How is JavaScript code transformed into Machine Code? Or why is it not?

Question

I'm trying to understand the process of how a piece of JavaScript code is executed. So far, I've managed to have most of the layout pictured out, but there's a few gaps that I wish to cover.

I know that a computer's CPU only understands 0's and 1's. So eventually, any code we write (in a high level language) gets transformed into 0's and 1's and is then executed by the CPU. In the case of JavaScript, the main character that makes this journey possible is the JavaScript engine. So that's what I looked into and just picked chrome's V8 to help me picture the whole thing.

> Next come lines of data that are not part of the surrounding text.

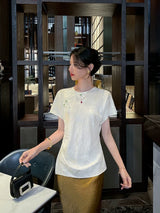 Front view of an ivory mulberry silk blend jacquard blouse featuring a classic round neckline.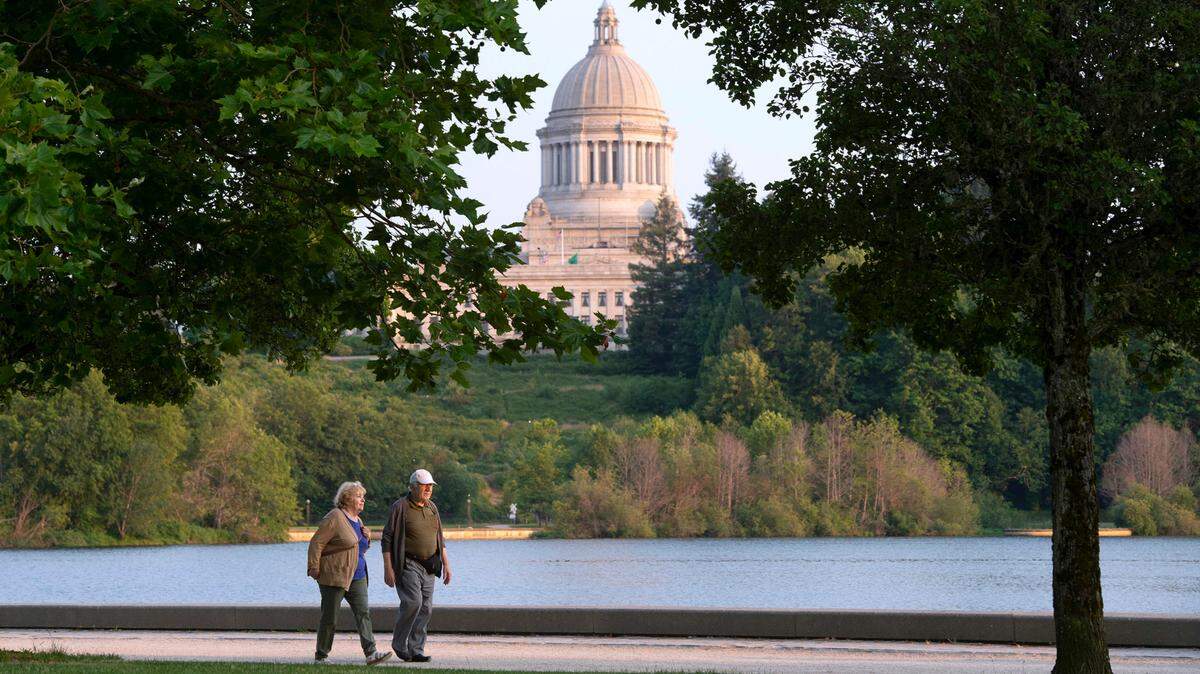 A couple walks along Capitol Lake in Olympia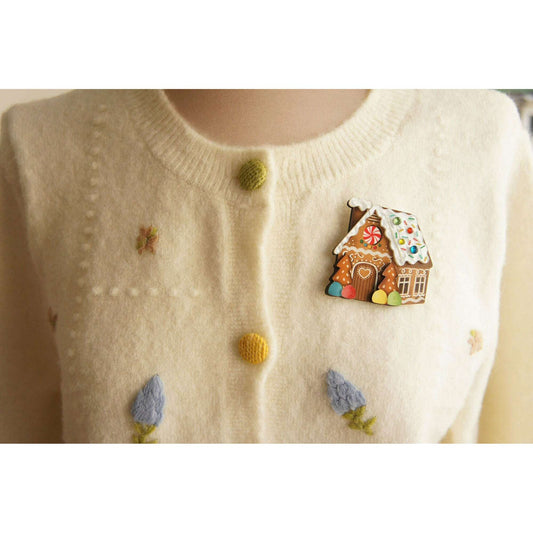 Gingerbread house brooch pin on cream sweater, colorful enamel house with red door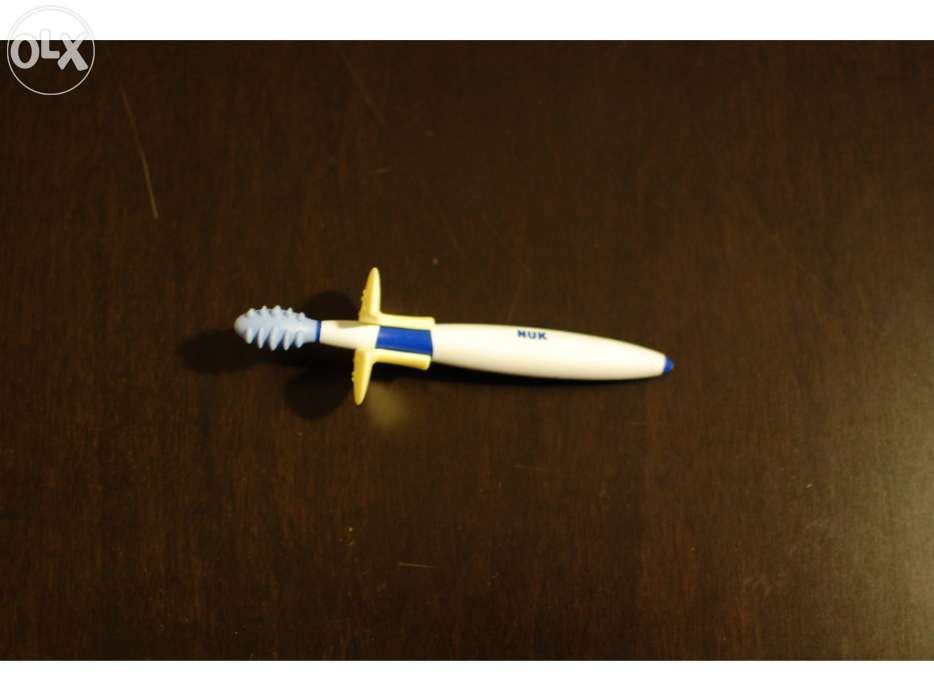 NUK Teether/Training Toothbrush with Protective Ring434463873927761921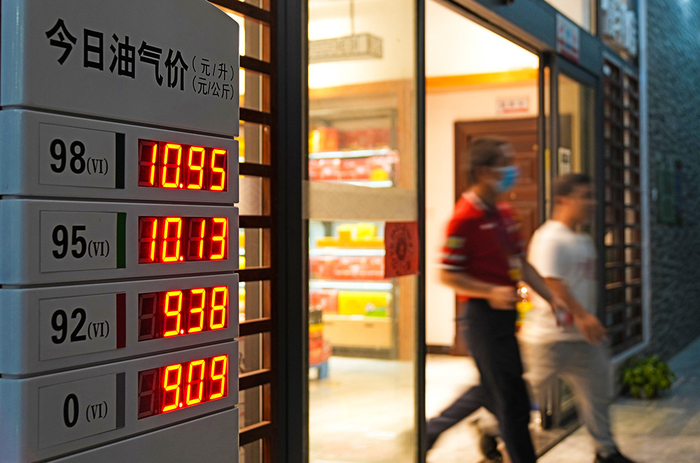 2022年6月14日，在广西柳州市融水苗族自治县一加油站，顾客从刚刚更新的汽油和柴油牌价前走过。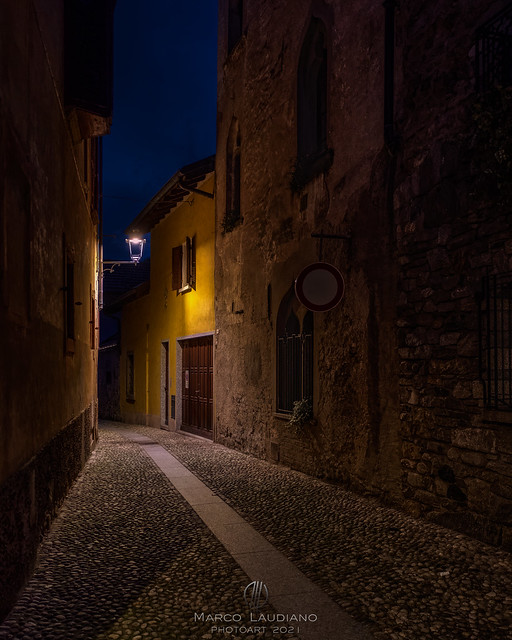 At night, through the alleys of Cannobio, Book VI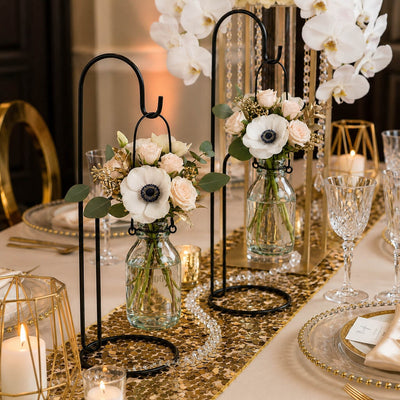 Vintage Bottle Hanging Glass Vases with floral centerpieces on a formal table - thumbnail number 4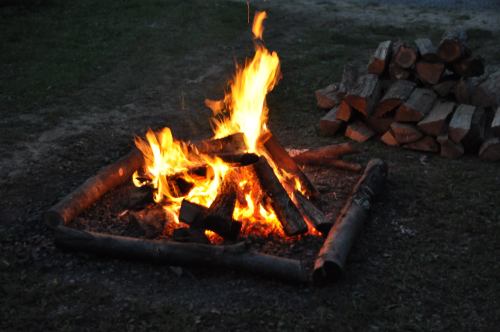 A campfire burns brightly in a circular arrangement of logs, with a stack of firewood nearby on the ground.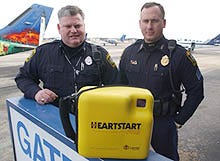 Barnstable police Officer Kevin J. Donovan, left, and Sgt. Ben Baxter with a portable defibrillator at Barnstable Municipal Airport in Hyannis. The machines, used to help heart attack victims, are becoming increasingly common around the Cape and can be found at schools, beaches, golf courses, ferries, health clinics and the airport as well as in police cruisers.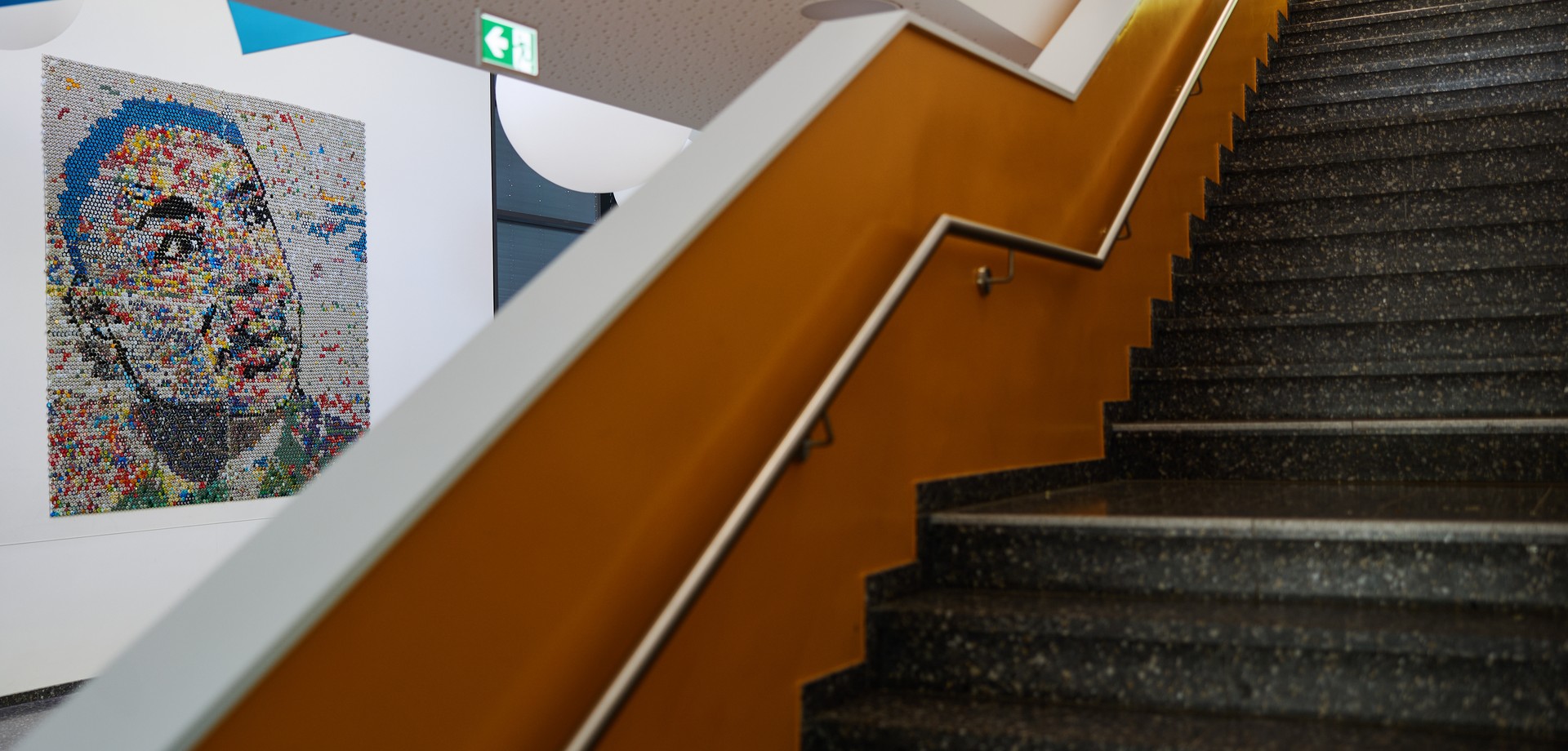 Eine Treppe aufwärts im Schulgebäude, dahinter sieht man das gemeinsam gestaltete Portrait von Martin Luther King an der Wand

So the JavaScript engine first parses the code and eventually generates AST's (Abstract Syntax Tree). Those are then transformed into Bytecode by Ignition, which is v8's bytecode generator AND also the bytecode interpreter. Next comes the step where the code is actually executed and here's where i have trouble understanding what's going on. I've found out that the same Ignition "executes the bytecodes" and at the same time an Optimizing Compiler, Turbofan in this case, improves the speed of execution by better handling repeating code and then returning the optimized code as Machine Code back.

I thought that executing the bytecodes means converting them to machine code which the CPU will then run, but that's not the case. Since Turbofan is only an optimizing compiler, I've wondered what is it that converts the bytecodes to machine code? I've then found that V8 doesn't compile all functions to machine code, only those that run hot enough for optimized compilation to (likely) be worth the time investment

So, what does it mean for bytecode to be "executed"? The CPU doesn't understand bytecode and the bytecode is not transformed into machine code either. Can anyone explain in simple terms what's going on?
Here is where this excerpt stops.